Another chapter was published today!

Hi Everyone,

It’s been a little while in coming but another dissertation chapter was published today! This one is in Functional Ecology and titled Feed or Fight: Testing the impact of food availability and intraspecific aggression on the functional ecology of an island lizard.

I know you’ve seen teasers over the last while but it’s good to have it out and in circulation. Here’s a brief summary I wrote for the journal:

Islands are often considered ideal biological laboratories as they are isolated and vary tremendously in size, structure, and habitats. These factors impose different selective pressures that can drive adaptations of organisms on islands. Our study capitalizes on an island-size gradient in the Greek Archipelago to investigate inter-island divergence in the body size, head shape, and bite force of a lizard, Podarcis erhardii. 

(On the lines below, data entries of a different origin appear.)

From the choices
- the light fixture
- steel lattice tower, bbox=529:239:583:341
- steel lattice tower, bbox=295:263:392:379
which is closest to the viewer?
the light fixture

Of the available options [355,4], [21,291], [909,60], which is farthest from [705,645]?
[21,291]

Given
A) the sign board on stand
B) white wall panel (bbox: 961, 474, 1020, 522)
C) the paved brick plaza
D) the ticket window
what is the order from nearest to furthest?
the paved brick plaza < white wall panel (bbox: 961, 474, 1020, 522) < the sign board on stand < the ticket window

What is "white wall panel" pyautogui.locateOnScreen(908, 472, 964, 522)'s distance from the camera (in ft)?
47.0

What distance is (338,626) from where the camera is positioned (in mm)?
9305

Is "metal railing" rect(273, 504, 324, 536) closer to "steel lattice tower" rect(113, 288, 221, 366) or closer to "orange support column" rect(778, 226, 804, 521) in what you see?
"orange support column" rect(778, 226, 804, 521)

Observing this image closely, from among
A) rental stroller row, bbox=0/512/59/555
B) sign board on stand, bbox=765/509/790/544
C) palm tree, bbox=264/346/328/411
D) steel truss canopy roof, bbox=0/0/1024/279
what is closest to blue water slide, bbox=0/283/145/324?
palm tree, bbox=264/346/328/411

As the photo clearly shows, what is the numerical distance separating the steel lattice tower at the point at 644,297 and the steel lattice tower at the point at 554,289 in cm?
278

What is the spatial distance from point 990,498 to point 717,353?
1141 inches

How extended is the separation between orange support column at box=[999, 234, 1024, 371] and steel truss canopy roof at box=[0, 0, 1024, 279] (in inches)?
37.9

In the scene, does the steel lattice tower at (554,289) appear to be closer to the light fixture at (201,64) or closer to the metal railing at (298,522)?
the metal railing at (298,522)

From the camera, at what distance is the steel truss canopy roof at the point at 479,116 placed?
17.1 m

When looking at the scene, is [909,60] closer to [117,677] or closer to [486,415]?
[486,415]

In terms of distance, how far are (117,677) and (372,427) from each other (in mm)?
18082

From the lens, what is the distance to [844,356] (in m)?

We hypothesized that strong bites would be an advantage for lizards on small islands. For example, a strong bite might enable that lizard to eat relatively hard or large insects, so if food resources were sparse on a small island the lizard might not starve. A harder bite might also enable the lizard to win fights with the other individuals competing for the same valuable resources like food, mates, or nesting sites on a small island where lizard densities are often high.

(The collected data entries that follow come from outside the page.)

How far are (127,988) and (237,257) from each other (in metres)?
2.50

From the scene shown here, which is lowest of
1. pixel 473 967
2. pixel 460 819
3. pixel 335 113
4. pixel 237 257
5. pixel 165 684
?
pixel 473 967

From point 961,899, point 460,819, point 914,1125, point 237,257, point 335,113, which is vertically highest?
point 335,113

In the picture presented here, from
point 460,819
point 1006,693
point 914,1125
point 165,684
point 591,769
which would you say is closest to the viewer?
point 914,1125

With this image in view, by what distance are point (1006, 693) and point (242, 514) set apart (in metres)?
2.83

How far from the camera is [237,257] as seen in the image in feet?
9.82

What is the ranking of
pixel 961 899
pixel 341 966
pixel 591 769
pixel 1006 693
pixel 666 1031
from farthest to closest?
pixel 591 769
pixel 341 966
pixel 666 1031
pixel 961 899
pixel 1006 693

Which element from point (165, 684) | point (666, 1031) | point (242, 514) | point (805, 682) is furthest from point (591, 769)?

We caught lizards on 11 islands in the Greek Cyclades ranging in size from 0.004 to 450 km2. We measured the lizards’ body and head size, and measured bite force. We then flushed their stomachs to see what they were eating and compared the stomach contents to insects we caught in traps. Finally, we counted the bite scars and lost toes, which typically result from battles with other lizards (see inset picture for an example bite scar).

We found, first, that bite force did increase on small islands. Second, we found that the competition indicators, i.e., bite scars and lost toes, best predicted the pattern in bite force. Hardness of prey in the diet did not vary significantly between lizards on these different islands. These results shed new light on the drivers of body size and performance differences among island populations.

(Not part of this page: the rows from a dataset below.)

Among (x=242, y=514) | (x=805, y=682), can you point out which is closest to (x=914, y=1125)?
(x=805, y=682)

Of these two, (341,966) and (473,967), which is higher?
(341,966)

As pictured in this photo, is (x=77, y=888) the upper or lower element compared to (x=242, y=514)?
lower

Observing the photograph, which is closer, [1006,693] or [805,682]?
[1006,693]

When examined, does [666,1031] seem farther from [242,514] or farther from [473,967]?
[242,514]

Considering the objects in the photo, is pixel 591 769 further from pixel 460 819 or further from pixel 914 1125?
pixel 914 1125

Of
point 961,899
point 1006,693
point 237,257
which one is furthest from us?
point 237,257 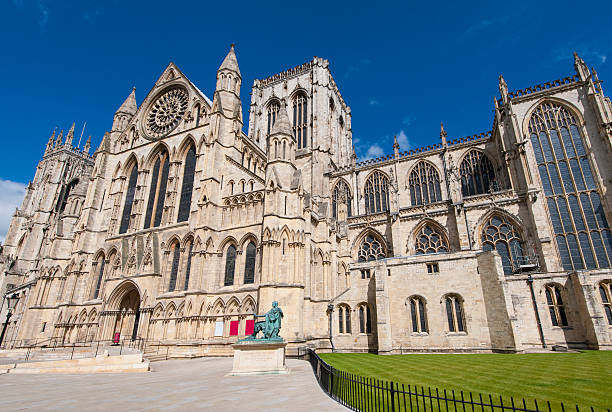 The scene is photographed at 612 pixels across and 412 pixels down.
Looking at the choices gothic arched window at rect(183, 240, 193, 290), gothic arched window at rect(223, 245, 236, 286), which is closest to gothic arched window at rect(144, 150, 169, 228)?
gothic arched window at rect(183, 240, 193, 290)

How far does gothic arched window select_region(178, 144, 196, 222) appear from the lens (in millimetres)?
26875

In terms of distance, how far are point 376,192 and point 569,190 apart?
1714 cm

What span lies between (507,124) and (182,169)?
29.2 m

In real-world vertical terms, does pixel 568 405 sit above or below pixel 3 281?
below

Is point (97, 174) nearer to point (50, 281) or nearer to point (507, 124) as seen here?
point (50, 281)

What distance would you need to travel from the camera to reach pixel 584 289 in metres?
19.2

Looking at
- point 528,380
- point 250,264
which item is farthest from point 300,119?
point 528,380

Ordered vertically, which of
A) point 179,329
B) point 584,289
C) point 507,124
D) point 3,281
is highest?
point 507,124

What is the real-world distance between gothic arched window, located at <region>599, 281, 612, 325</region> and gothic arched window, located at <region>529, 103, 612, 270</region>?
11.3ft

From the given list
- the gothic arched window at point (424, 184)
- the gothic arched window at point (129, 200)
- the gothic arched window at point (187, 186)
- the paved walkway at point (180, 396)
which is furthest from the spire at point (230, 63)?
the paved walkway at point (180, 396)

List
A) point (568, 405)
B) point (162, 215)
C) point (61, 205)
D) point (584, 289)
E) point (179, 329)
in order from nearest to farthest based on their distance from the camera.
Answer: point (568, 405), point (584, 289), point (179, 329), point (162, 215), point (61, 205)

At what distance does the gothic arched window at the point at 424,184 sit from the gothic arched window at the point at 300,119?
1571 centimetres

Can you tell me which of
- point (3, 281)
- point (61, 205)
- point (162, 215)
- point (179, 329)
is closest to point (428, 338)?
point (179, 329)

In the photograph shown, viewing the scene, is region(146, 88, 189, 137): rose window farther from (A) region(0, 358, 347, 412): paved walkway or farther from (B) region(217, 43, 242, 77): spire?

Of course, this paper was the result of close collaboration with some awesome scientists including Kinsey Brock, Johannes Foufopoulos, and Anthony Herrel. If you’re interested in reading the whole paper you can find it here.


Also… there’s lots of good stuff coming, but since my defense I’ve been focused on sorting out the next step and have been remiss on the blog front. Now that plans are falling into place I’ll be officially updating you with my next steps sometime this month.